Items from a data source
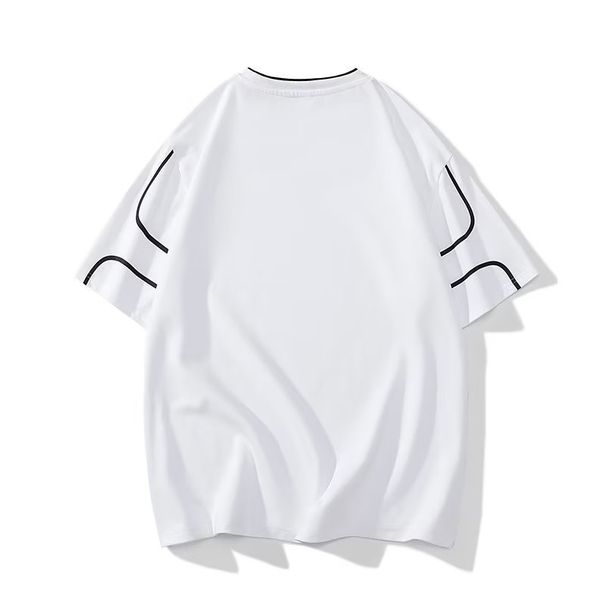 Men's Clothing Short Sleeved Men's T Shirts Large Size Men's Clothing Summer New Fat Summer Round Neck Half Sleeved Bottoming Shirt Clothes_viptrois.com
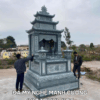 Mộ ba mái - Mẫu 01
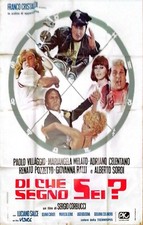 manifesto 4F DI CHE SEGNO SEI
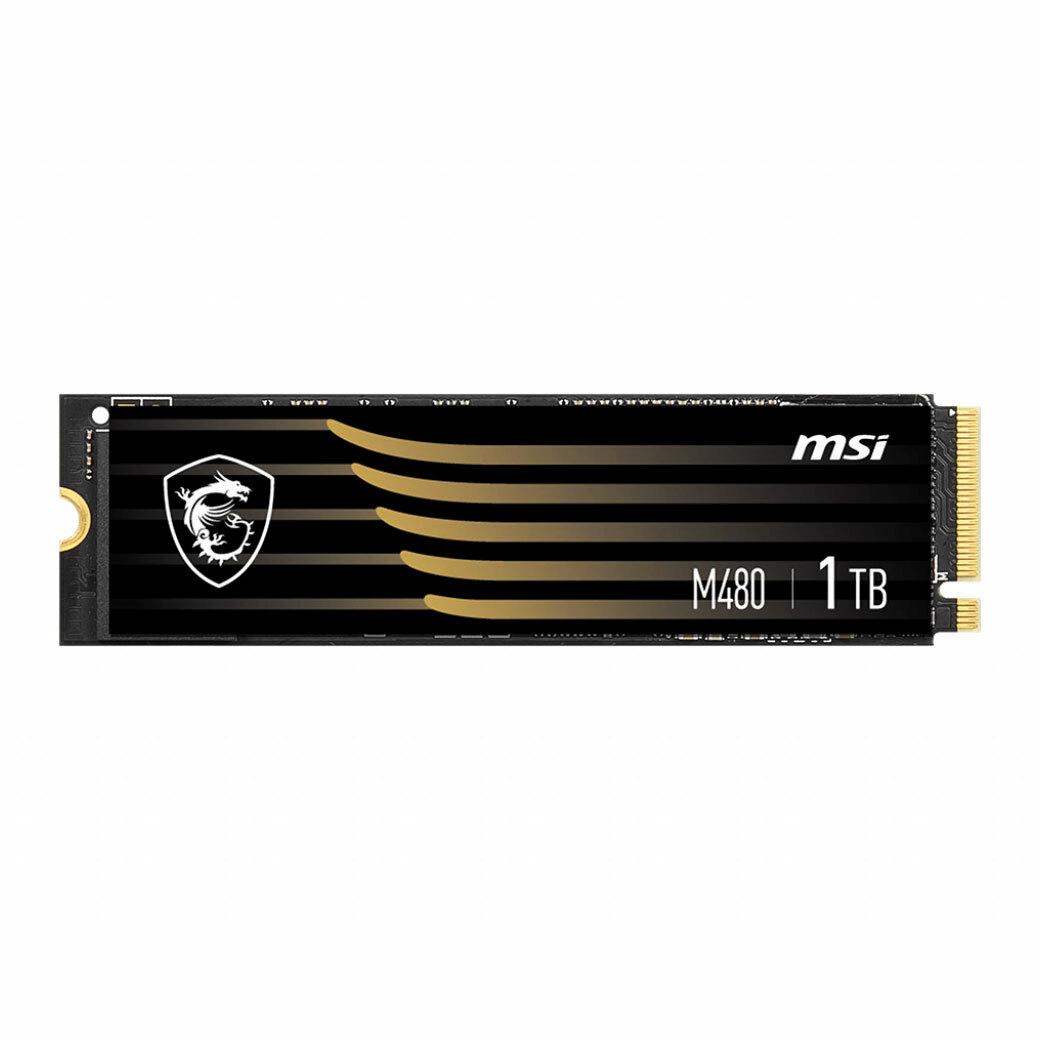 MSI SPATIUM-M480-1TB SPATIUM M480 1TB M.2 PCIe 4.0 Gen4 NVMe SSD/Solid ...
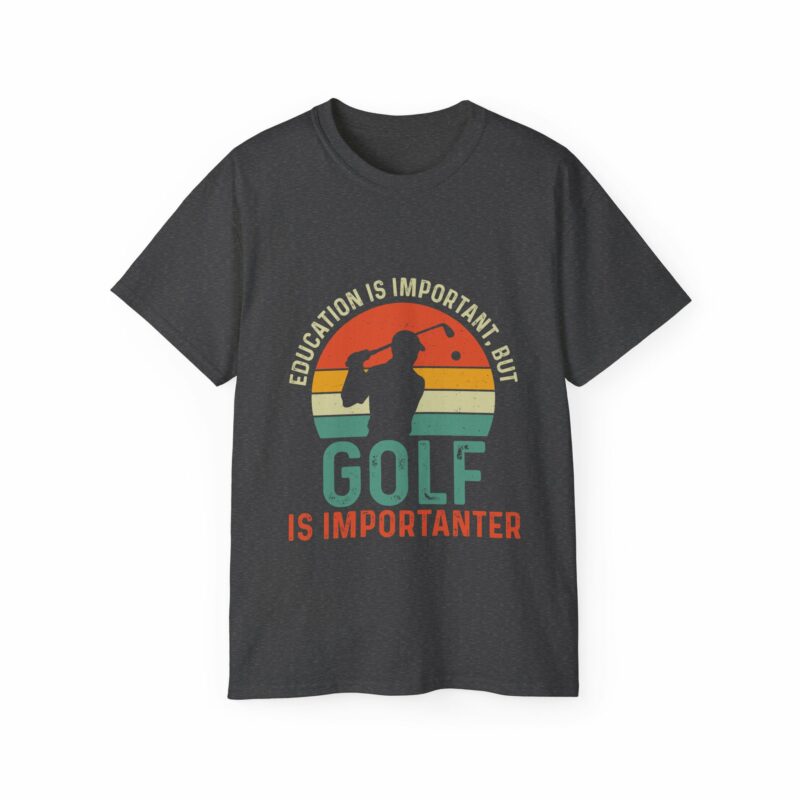 Merch Alliance Original - Vintage Golf is Importanter T-Shirt - Image 14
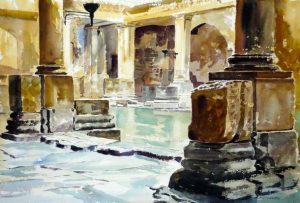 Paintings of Bath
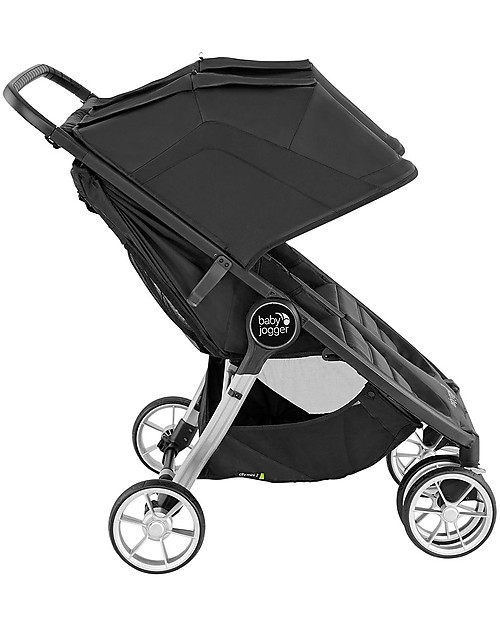 Baby Jogger City Mini 2 Double Stroller - Jet - Urban Mobility! Double Pushchairs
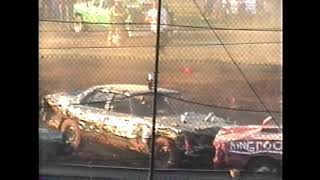 1995 Scottsburg Indiana Demolition Derby [upl. by Bullivant]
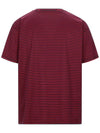 black&red striped T-shirt - Nº 21 - BALAAN 3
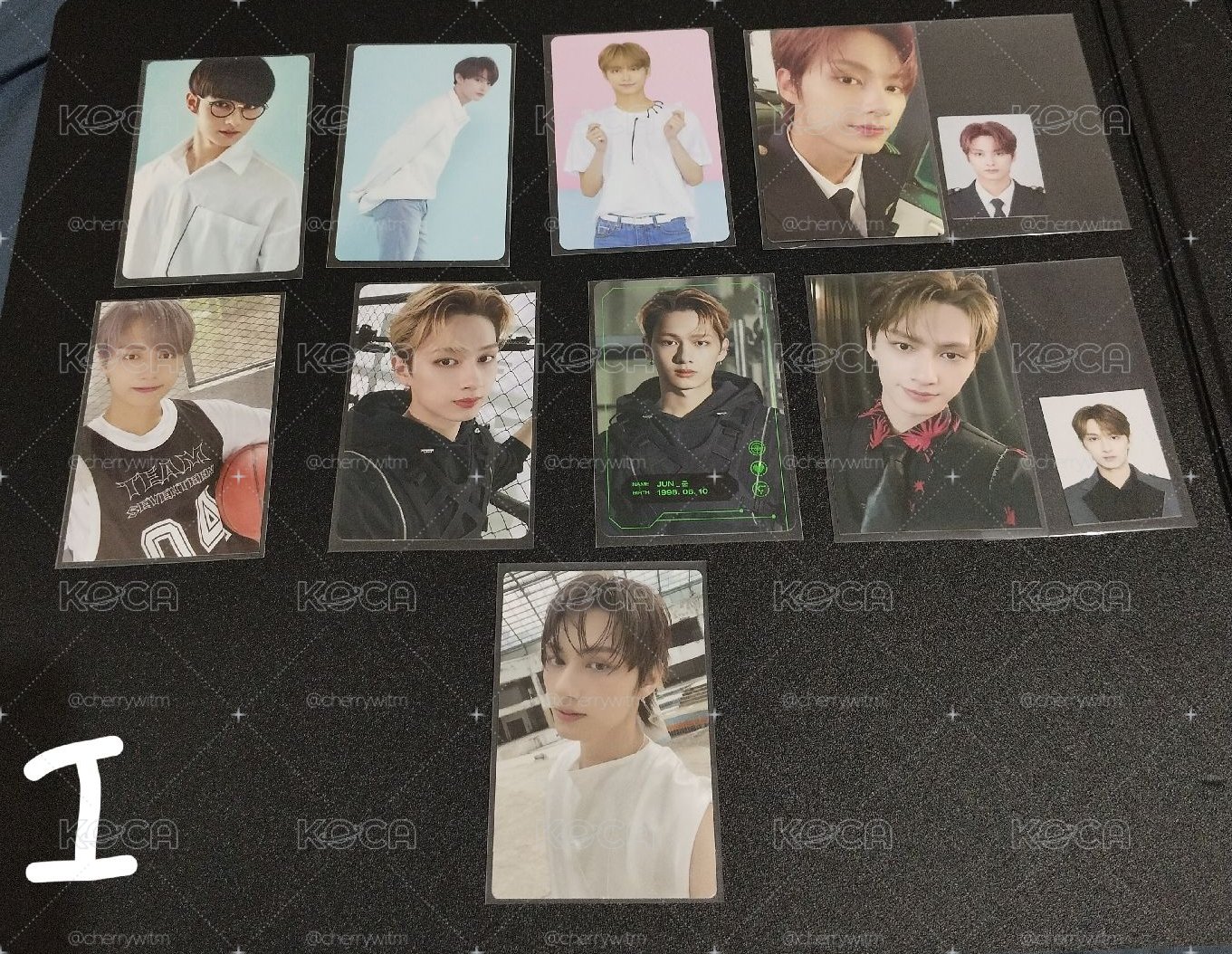SEVENTEEN JUN 會員禮（150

*What you have to do*.
From the line holding "black&red striped T-shirt - Nº 21 - BALAAN 3" down to the final line of the entries above, print every line exactly. Pictures do not go in.

*Solution to this problem*.
 black&red striped T-shirt - Nº 21 - BALAAN 3
SEVENTEEN JUN 會員禮（150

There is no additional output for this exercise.